Scientific backing for MLB outcome prediction.
Our pipeline synthesizes historical play-by-play data with modern sabermetric theory and atmospheric physics. This page details the academic foundations of our model architecture.
Baseline Architecture
Model Methodology
We employ a dual-layered feature vector processed through a calibrated Logistic Regression model to isolate talent from variance.
- Predictive Accuracy of FIP (DIPS Theory) The model prioritizes Fielding Independent Pitching (FIP) over ERA. Based on Voros McCracken’s DIPS (2001), we isolate events a pitcher controls (K, BB, HR). Research confirms FIP stabilizes in ~100 innings, whereas ERA requires 500+ to filter defensive noise. McCracken, V. (2001). Pitching and Defense. Baseball Prospectus.

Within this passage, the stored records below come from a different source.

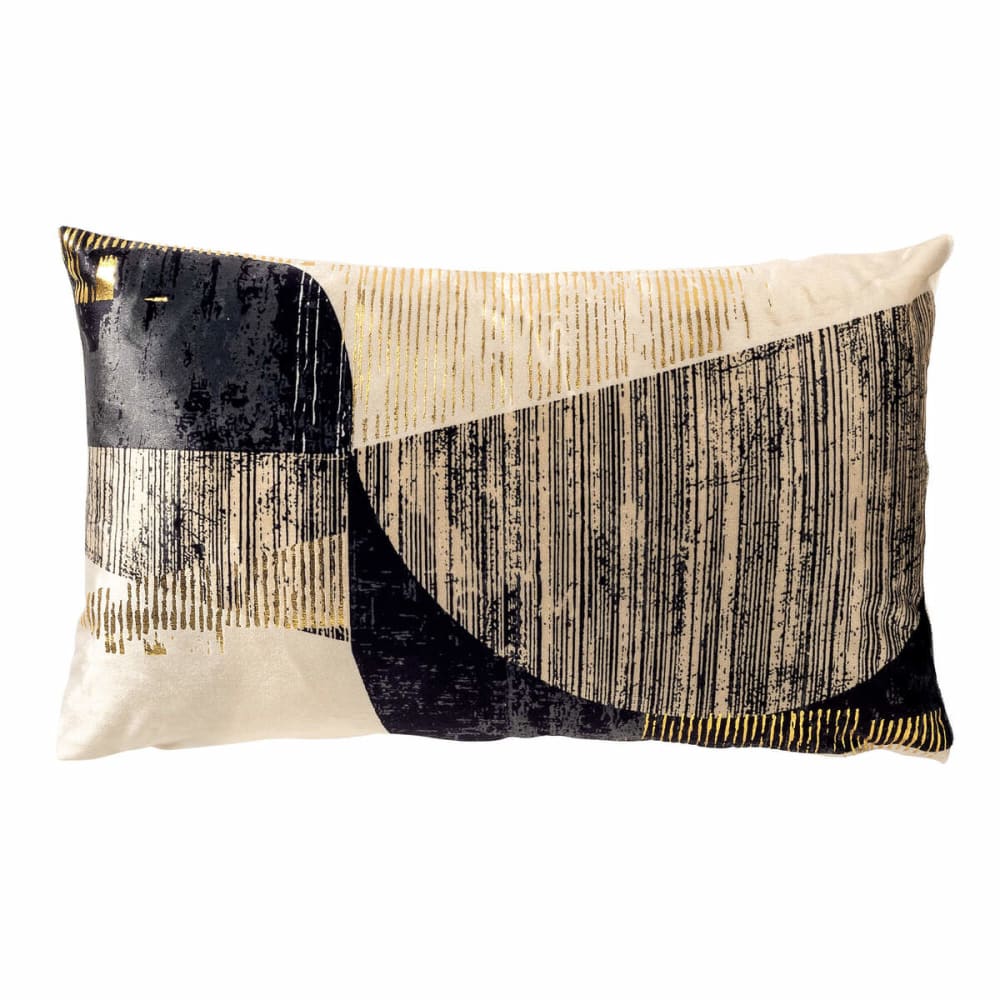 Housse de coussin Beige 30x50 cm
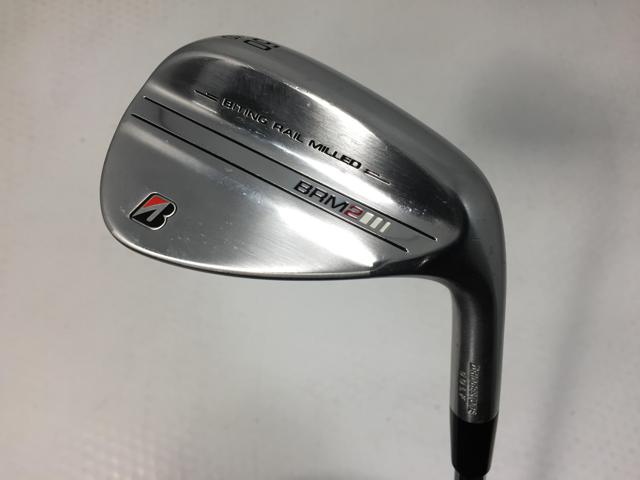 【中古ゴルフクラブ】ブリヂストン BRM2 ウェッジ 50.10 2022 NSプロ 950GH neo AW【14日間返品OK】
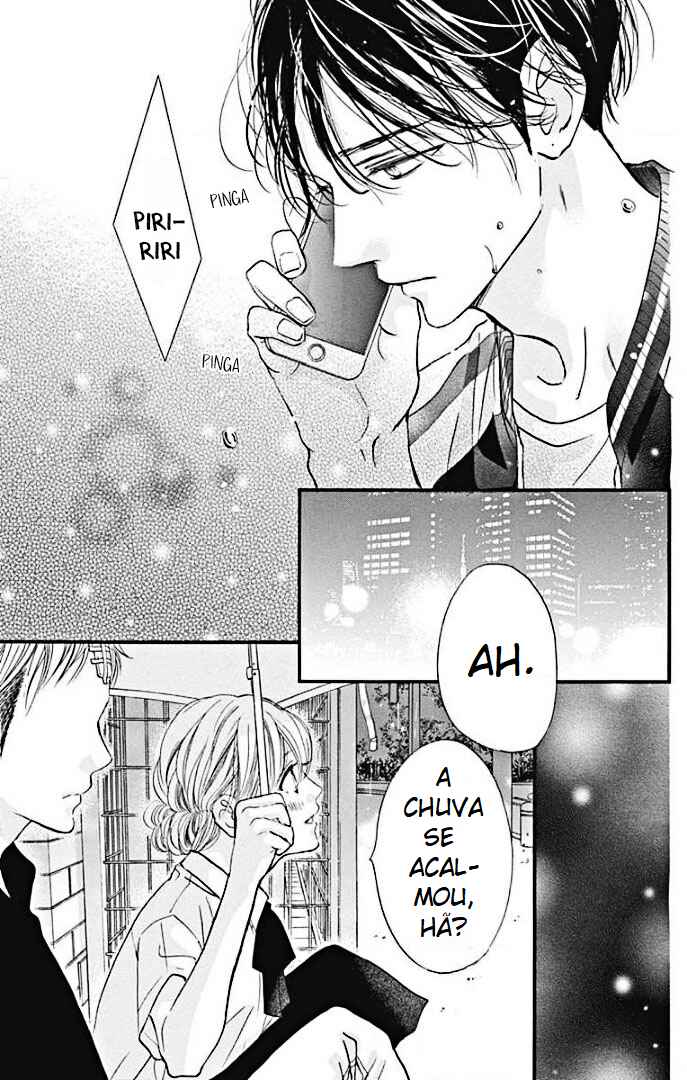 Boku ni Hana no Melancholy Chapter 50 - Page 9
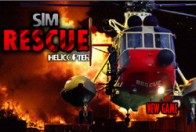 Sim Rescue Helicopter 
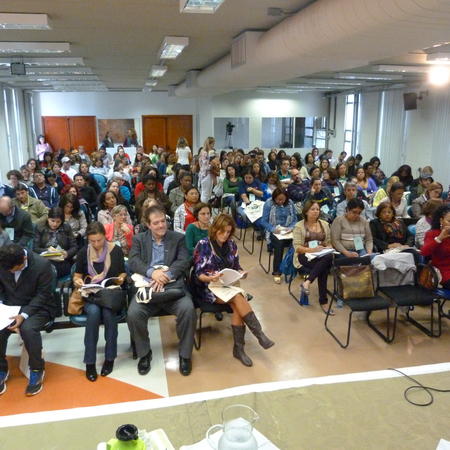 V SNF: Conferencia Inaugural com a Prof. Camen Campero(Universidad Pedagógica Nacional Mexico)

- Linear Weights & wOBA Integration Our offensive signals utilize Weighted On-Base Average (wOBA). Unlike OPS or AVG, wOBA is derived from RE24 run expectancy matrices, correctly weighting a double (approx. 1.25 runs) vs a single (approx. 0.9 runs). Tango, T. M., et al. (2007). The Book: Playing the Percentages in Baseball.
- Logistic Regression for Noisy Binary Outcomes For sports betting, we favor Logistic Regression for its robustness to stochastic noise. Unlike GBDT (XGBoost), LR naturally produces well-calibrated probabilities, reducing Brier Score variance in high-randomness environments. Bradbury, J. C. (2007). Does the Pitcher Matter? Journal of Sports Economics.
- Market Efficiency & Closing Line Value (CLV) We evaluate model performance primarily through CLV. As a semi-strong efficient market, the closing line incorporates all situational data (injuries, sharp action). Consistent CLV is the statistically valid predictor of long-term ROI. Thaler, R. H., & Ziemba, W. T. (1988). Parimutuel Betting Markets.
Active Development
Strategic Roadmap
Our upcoming integrations focus on situational physics and latent skill variables that market averages often under-weight.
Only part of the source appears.